Nearly 40 years later, Noble would learn what Captain George's other two platoons of A 162 did on the day that 3rd Platoon fought. That morning, another "A" Platoon killed four Nip outguards and pinpointed out their position near Bui Savella Creek, south of where the Japs halted us.
Forty Japs died from A's mortars and C 218 Field Artillery's 75s. Next day, after 30 minutes' field artillery preparation, George found the Japs' position deserted. His men then moved north and buried Purpich, Miller, Thacker, and the second medic. More fighting with field artillery help, remained for A 162 through 13 July before we drove the Japs out of their last positions.

In Cutting Komiatum Track, George's other platoons with C 162 and the Aussies fought well, but Noble's men were among those deepest into combat among all the Americans. Without field artillery help, we had played an important part in pressing their withdrawal from their long salient down from Salamaua past Roosevelt Ridge and Mount Tambu into Mubo Strip. Noble had led a heroic fight against the grim, stubborn Japanese. Captain George later gave Noble credit for triggering the whole Jap withdrawal from the Komiatum Salient.
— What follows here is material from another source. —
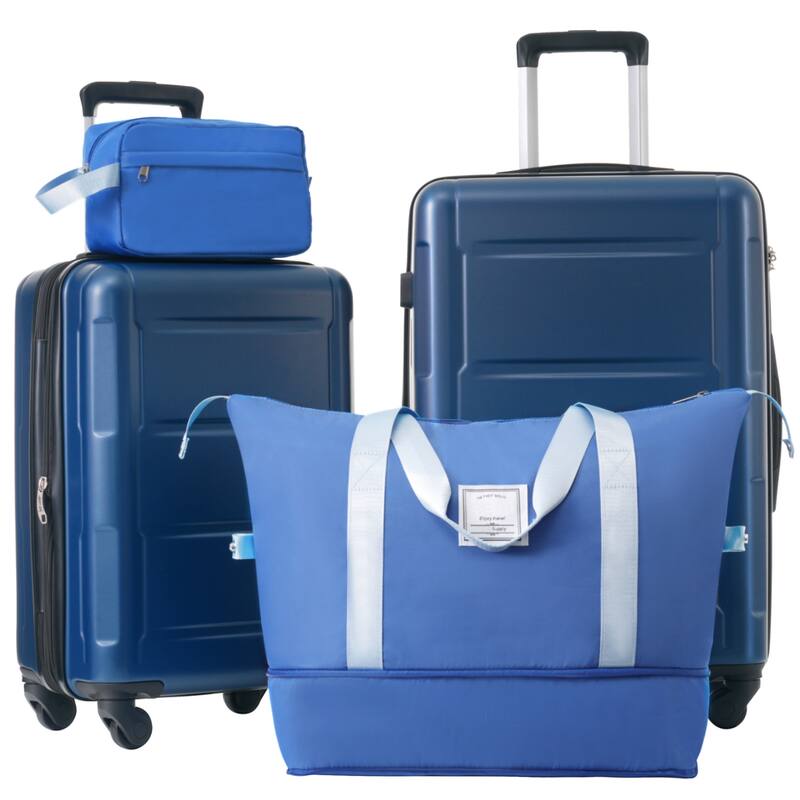 2-Piece 20/24 Inch, Modern Luggage Sets, Expandable Lightweight Luggage with TSA Lock, for Boarding Travel, Blue - Blue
 CREDIT: Indispensable source is Lieutenant Marvin Noble's cassette given to me at San Jose Reunion (1981), backed by Bill Davis' and Sergeant Glenn Benedict's cassette answering my letter of 20 August 1981. (Noble talked his cassette after my letter of 29 May 1981.) Other sources are Sergeant Ambrose Burkhartsmeyer's letter 20 September 1981, Sergeant Robert Little's typescript about 14 June 1969, and Captain George's letter to Colonel AR MacKechnie of 12 July 1944. Colonel MacKechnie's official report of the Noble fight is erroneous, but Wm McCartney in The Jungleers copied it unknowingly, as did Australian David Dexter (with some modifications) in The New Guinea Offensives. Lieutenant Gray did not catch 10 Japs asleep and slay them all at once, and a half of Noble's men did not become casualties. Noble and his men have corrected these misstatements.